Australia | Mar 01 2010
By Rudi Filapek-Vandyck
The TD Securities-Melbourne Institute Monthly Inflation Gauge rose by 0.1% in February, following an outsized 0.8% rise in January and a 0.3% rise in December 2009. In the twelve months to February, the Inflation Gauge has now risen by 1.9%.
TD Securities economists highlight the annual rate has now dipped below the RBA’s 2 to 3% target band, but they also add there are favourable base effects arising from the dropping out of the outsized 0.7% rise in February 2009.
They note contributing most to the overall change in February were price rises for food, alcohol and tobacco, and books, newspapers, and magazines. These were offset by a "substantial seasonal fall" in prices for holiday travel and accommodation, as well as smaller declines in automotive fuel, and audio, visual and computing equipment.
The TD trimmed mean measure rose by 0.1%, to be 2.0% higher than a year ago.
Annette Beacher, Senior Strategist at TD Securities, concludes that “runaway inflation isn’t entrenched, yet.”
Having said so, she also continues by stating: “We remain concerned that the RBA’s inflation projections are somewhat optimistic, expecting a gentle deceleration to the mid-point of the target with minimal interest rate adjustment.

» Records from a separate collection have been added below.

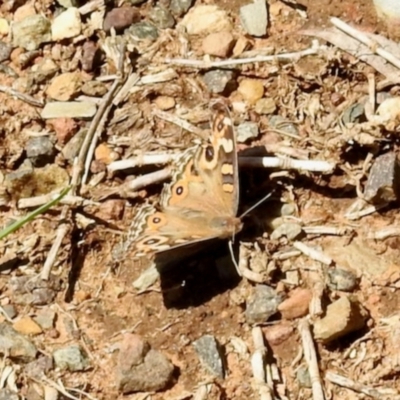 Junonia villida (Meadow Argus) at Dryandra St Woodland - 7 Feb 2024 by KMcCue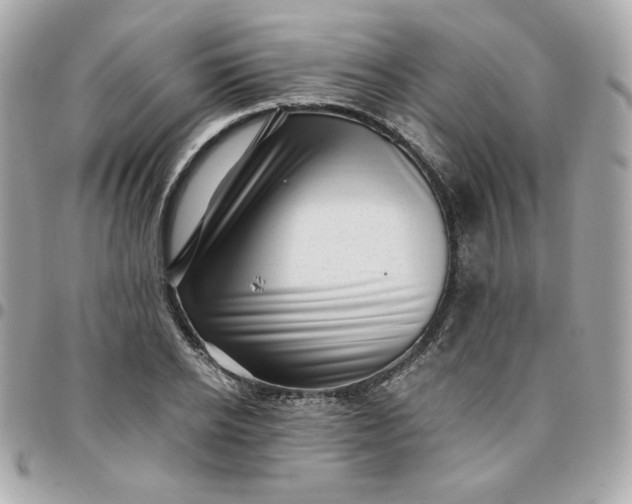 X0000096220934200802011340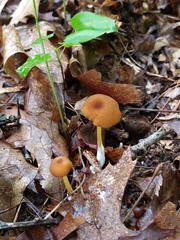 Entoloma formosum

As the unemployment rate continues to shrink and spare capacity is all but absorbed, the RBA Board tomorrow can comfortably recommend another 25 basis point rate rise to 4.0%.”
Professor Don Harding, believes data to February suggest the March quarter CPI is likely to rise by 1%. This would yield an annual inflation rate of almost 3% in the four quarters to March 2010.